8
votes

In a LALR(1) parser, the rules in the grammar are converted into a parse table that effectively says "If you have this input so far, and the lookahead token is X, then shift to state Y, or reduce by rule R".

I have successfully constructed a LALR(1) parser in an interpreted language (ruby), not using a generator, but computing a parse table at runtime and evaluating the input using that parse table. This works surprisingly well and the table generation is quite trivial (which surprised me somewhat), supporting self-referential rules and left/right association.
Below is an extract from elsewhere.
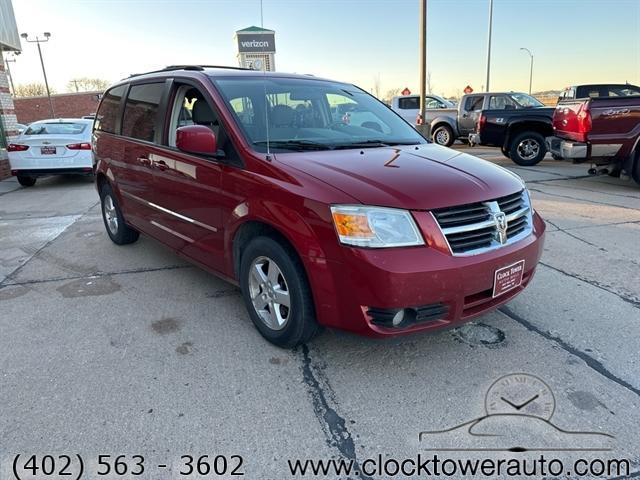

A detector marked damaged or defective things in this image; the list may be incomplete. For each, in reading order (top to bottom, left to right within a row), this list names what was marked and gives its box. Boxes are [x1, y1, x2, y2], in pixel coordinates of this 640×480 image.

One thing I am having some difficulty to understand, however, is how yacc/bison conceptually processes empty rule definitions. My parser can't handle them, since in generating the table it looks at each symbol in each rule, recursively, and "empty" is just not something that will come from the lexer, nor be reduced by a rule. So how then, do LALR(1) parsers process the empty rule? Do they treat it specially, or is it a "natural" concept that a valid algorithm should just work with, without even needing to have particular awareness of such a concept?

Let's say, a rule that can match any number of paired parentheses with nothing in the middle:

expr:   /* empty */
      | '(' expr ')'
      ;

Input like the following would match this rule:

((((()))))

This means that upon reading '(' and seeing ')' in the lookahead token, the parser choices:

  1. Shift the ')' (not possible)
  2. Reduce the input according to some other rule (not possible)
  3. Something else...

don't quite fit into the core algorithm of "shift" or "reduce". The parser effectively needs to shift nothing onto the stack, reduce "nothing" to expr, then shift the next token ')', giving '(' expr ')', which of course reduces to expr, and so on.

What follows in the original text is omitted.